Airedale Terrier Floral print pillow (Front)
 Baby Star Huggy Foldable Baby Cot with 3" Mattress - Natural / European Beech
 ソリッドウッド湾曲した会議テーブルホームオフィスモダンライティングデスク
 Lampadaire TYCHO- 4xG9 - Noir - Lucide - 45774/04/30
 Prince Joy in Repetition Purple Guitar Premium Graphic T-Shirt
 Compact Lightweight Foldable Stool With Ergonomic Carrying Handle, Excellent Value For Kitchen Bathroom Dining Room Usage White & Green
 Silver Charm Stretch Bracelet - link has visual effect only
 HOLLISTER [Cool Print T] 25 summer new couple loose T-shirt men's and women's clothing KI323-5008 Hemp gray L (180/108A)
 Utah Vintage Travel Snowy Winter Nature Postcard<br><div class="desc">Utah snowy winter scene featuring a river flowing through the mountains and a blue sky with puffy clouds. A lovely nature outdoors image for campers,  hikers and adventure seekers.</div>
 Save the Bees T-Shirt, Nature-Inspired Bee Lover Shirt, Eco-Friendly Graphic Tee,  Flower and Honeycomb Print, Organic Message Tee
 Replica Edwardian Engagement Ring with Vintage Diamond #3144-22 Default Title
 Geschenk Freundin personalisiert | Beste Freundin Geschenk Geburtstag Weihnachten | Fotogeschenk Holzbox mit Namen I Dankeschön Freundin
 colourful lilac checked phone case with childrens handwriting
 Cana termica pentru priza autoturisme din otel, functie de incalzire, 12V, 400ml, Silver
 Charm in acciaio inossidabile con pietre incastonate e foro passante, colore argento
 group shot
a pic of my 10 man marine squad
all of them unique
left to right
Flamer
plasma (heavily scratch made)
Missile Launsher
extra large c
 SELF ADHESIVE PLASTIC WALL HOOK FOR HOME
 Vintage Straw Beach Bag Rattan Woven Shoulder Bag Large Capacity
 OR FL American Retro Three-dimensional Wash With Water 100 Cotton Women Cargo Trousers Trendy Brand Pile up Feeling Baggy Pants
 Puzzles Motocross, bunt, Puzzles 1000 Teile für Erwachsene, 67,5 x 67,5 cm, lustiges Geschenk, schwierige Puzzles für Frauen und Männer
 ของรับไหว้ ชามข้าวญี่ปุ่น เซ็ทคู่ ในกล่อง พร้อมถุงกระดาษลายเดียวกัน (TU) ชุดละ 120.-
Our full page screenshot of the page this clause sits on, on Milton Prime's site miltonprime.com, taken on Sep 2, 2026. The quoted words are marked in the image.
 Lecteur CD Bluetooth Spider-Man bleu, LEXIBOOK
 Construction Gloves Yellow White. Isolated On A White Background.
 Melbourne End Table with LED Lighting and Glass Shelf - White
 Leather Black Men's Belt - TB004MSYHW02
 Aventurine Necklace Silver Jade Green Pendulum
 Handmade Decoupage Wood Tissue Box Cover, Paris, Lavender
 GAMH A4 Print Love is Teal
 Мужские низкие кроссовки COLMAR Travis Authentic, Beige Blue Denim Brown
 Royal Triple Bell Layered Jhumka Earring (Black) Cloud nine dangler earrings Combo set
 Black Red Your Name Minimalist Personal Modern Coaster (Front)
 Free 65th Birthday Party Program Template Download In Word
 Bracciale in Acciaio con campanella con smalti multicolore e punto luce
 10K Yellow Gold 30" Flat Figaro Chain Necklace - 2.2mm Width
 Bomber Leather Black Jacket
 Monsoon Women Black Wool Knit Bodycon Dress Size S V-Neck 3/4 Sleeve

--------------------------------

Among the entries above, the lines between the ones containing "Vintage Straw Beach" and "Royal Triple Bell", inclusive, are to be transcribed exactly. No other line is to be given.

§ **THE ANSWER**
 Vintage Straw Beach Bag Rattan Woven Shoulder Bag Large Capacity
 OR FL American Retro Three-dimensional Wash With Water 100 Cotton Women Cargo Trousers Trendy Brand Pile up Feeling Baggy Pants
 Puzzles Motocross, bunt, Puzzles 1000 Teile für Erwachsene, 67,5 x 67,5 cm, lustiges Geschenk, schwierige Puzzles für Frauen und Männer
 ของรับไหว้ ชามข้าวญี่ปุ่น เซ็ทคู่ ในกล่อง พร้อมถุงกระดาษลายเดียวกัน (TU) ชุดละ 120.-
Our full page screenshot of the page this clause sits on, on Milton Prime's site miltonprime.com, taken on Sep 2, 2026. The quoted words are marked in the image.
 Lecteur CD Bluetooth Spider-Man bleu, LEXIBOOK
 Construction Gloves Yellow White. Isolated On A White Background.
 Melbourne End Table with LED Lighting and Glass Shelf - White
 Leather Black Men's Belt - TB004MSYHW02
 Aventurine Necklace Silver Jade Green Pendulum
 Handmade Decoupage Wood Tissue Box Cover, Paris, Lavender
 GAMH A4 Print Love is Teal
 Мужские низкие кроссовки COLMAR Travis Authentic, Beige Blue Denim Brown
 Royal Triple Bell Layered Jhumka Earring (Black) Cloud nine dangler earrings Combo set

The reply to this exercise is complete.